Bob Wooler, der Betreiber des Cavern Club, mit dem amerikanischen Bluesharmonikaspieler Sonny Boy Williamson, backstage im Cavern (Foto: Peter Kaye)
In den musikalischen Vorlieben unterschied sich Liverpool nicht wesentlich von anderen englischen Großstädten. Höchstens wurden hier die Akzente etwas anders gesetzt. Das hatte mit der Vergangenheit zu tun: Als Hafenstadt war Liverpool immer ein Fenster zur Welt gewesen und nach London die kosmopolitischste Stadt des Vereinigten Königreichs. Vor allem nach Amerika bestanden enge Verbindungen. Liverpool galt als die amerikanischste Stadt Großbritanniens. Kein Wunder, dass die neusten Trends von Übersee hier früher ankamen und schneller aufgegriffen wurden als im übrigen England. Amerikanische Einflüsse wie Soul, Blues, Country und Gospel waren im Sound der Liverpooler Bands stärker präsent.
Als Trendsetter konnte sich Liverpool nicht lange behaupten. Bald war der Hype vorbei. Hatte der Merseybeat 1963 und 64 noch die Hitparaden beherrscht, ging die Erfolgsstory jetzt rapide zu Ende. Der Knock-out kam als die Beatles nach London zogen und das Medieninteresse und den Starrummel mitnahmen.
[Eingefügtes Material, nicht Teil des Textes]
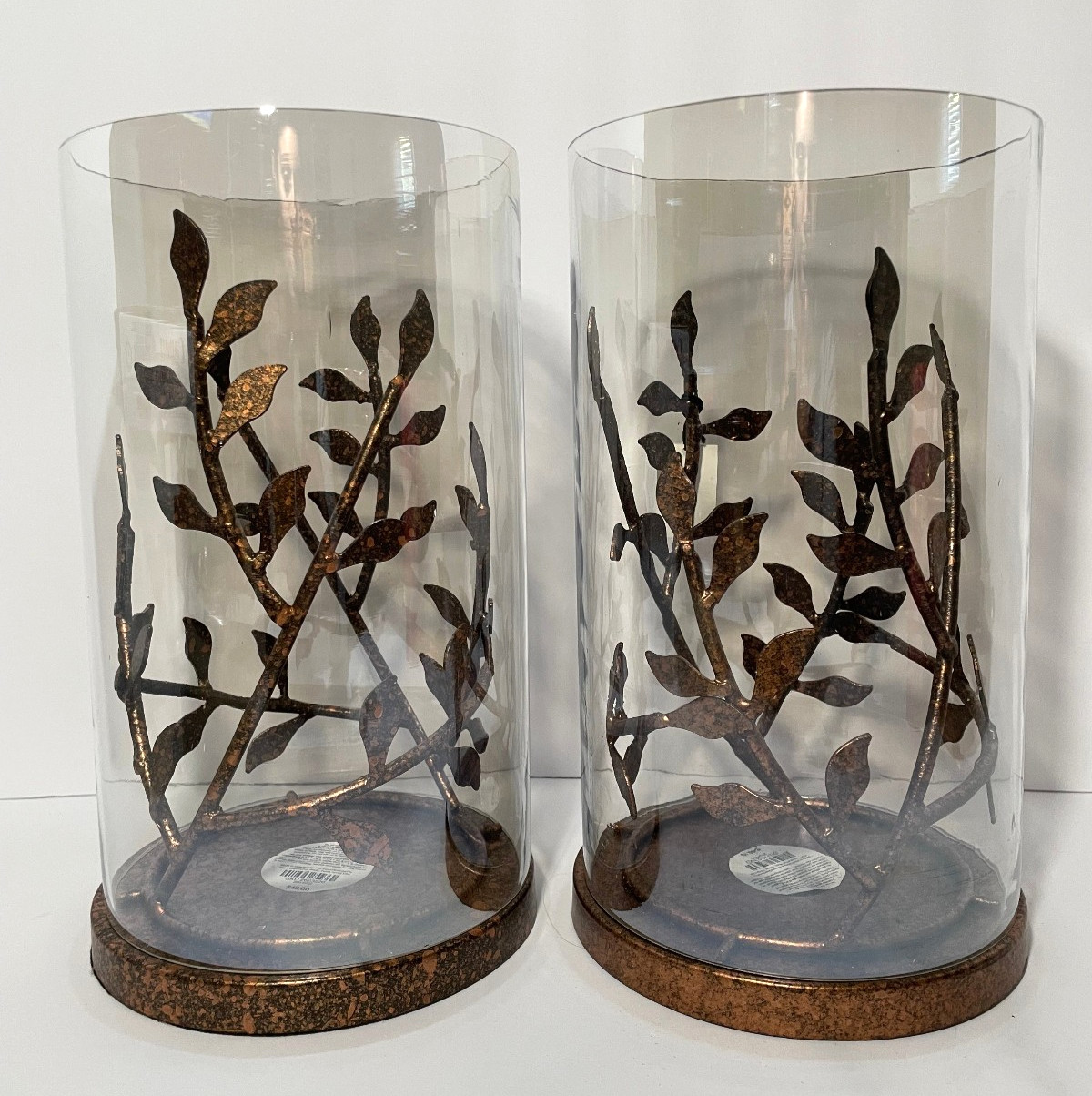 S With Metal Leaves 10.5"
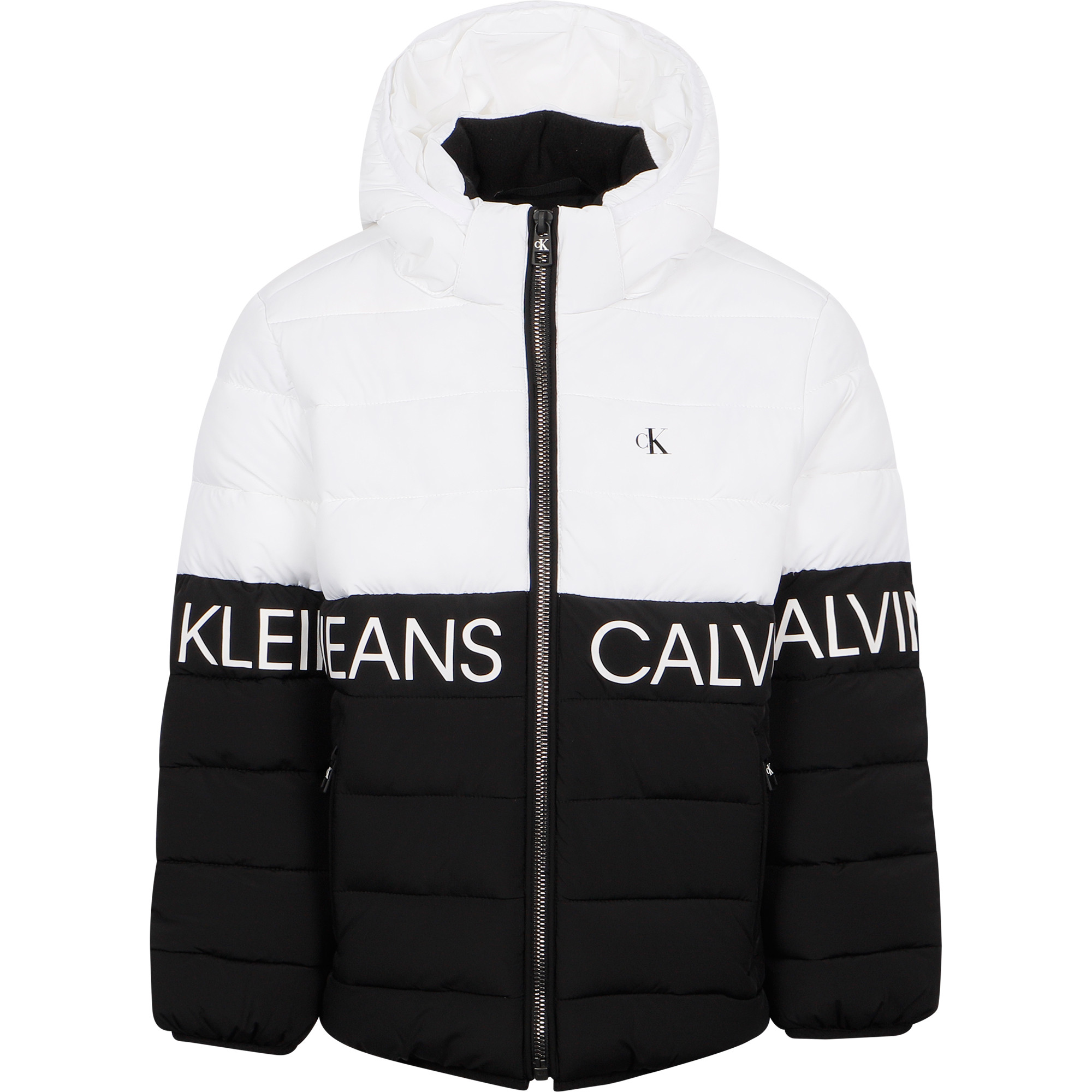 calvin klein white winter jacket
Schlagartig rutschte Liverpool in die Normalität zurück. Knappe zwei Jahre war man Welthauptstadt des Pop gewesen, jetzt kehrte der Alltag wieder ein. Und der war grau!
Denn ökonomisch ging es kontinuierlich bergab. Liverpool, einst einer der größten Seehäfen der Welt (1912 ging 15 % des gesamten Weltseehandels durch die Stadt), verlor vollständig an Bedeutung. Die Stadt wurde zum Problemfall, Arbeitslosigkeit, soziale Verwerfungen und Slums chronisch. In den 1980er Jahren kam es zu “Riots”. Mit Geld versuchte die Zentralregierungen in London die Wut zu befrieden. Das Albert Dock wurde zu einem Museums-, Shopping- und Café-Komplex umgebaut, der heute ein Touristenmagnet ist. Vor allem das Beatles-Museum, das Museum of Liverpool und die Kunstgalerie “Tate North” zieht Massen von Besuchern an. Doch nur ganz allmählich verbesserte sich die Situation.
Inzwischen signalisieren chromgläserne Capuccino-Bars, dass es aufwärts geht. Und 2008 war Liverpool Kulturhauptstadt Europas. Seither hat sich viel verändert, viele moderne Bauten, Kaufhäuser und Shops sind in der Innenstadt entstanden, jedes angesagte Label ist hier präsent, doch kaum weicht man von den Hauptadern des Kommerzes ab, steht man wieder im alten Liverpool, wo die Häuser vor sich hinrotten und sich in den Hinterhöfen der Müll häuft.